Who Framed Roger Rabbit is a media franchise owned by The Walt Disney Company and Amblin Entertainment, that began with the 1988 film, Who Framed Roger Rabbit, itself based on a book titled Who Censored Roger Rabbit? by Gary K. Wolf.

The original film was released through Disney's Touchstone Pictures banner on June 22, 1988, and became a blockbuster hit. It brought a renewed interest in the Golden Age of American animation, spearheading modern American animation and the Disney Renaissance. It won three Academy Awards for Best Film Editing, Best Sound Effects Editing and Best Visual Effects and received a Special Achievement Academy Award for its animation direction by Williams. In 2016, it was selected for preservation in the United States National Film Registry by the Library of Congress as being "culturally, historically, or aesthetically significant".

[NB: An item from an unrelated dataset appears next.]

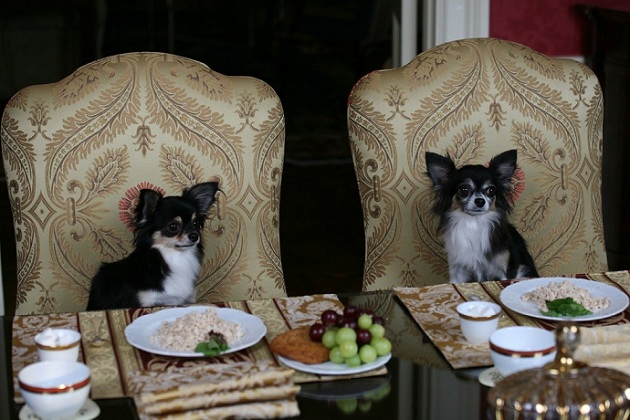 chihuahua dogs dinner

There's also media related to the 1988 film Who Framed Roger Rabbit, including books, three animated shorts, comic books, and video games.

Books

Who Censored Roger Rabbit?
Who Censored Roger Rabbit? by Gary K. Wolf is the book on which the film is loosely based.

Who Framed Roger Rabbit
Who Framed Roger Rabbit by Martin Noble is the novelization of the film of the same name.

Who P-P-P-Plugged Roger Rabbit?
Who P-P-P-Plugged Roger Rabbit? is a humorous mystery novel written by Gary K. Wolf released in 1991 (). The book is inconsistent with and so is neither a sequel nor a prequel to Who Censored Roger Rabbit? or the film adaptation by Disney. It could be considered a reboot. The original novel was retconned as a dream of Jessica, in chapter 12.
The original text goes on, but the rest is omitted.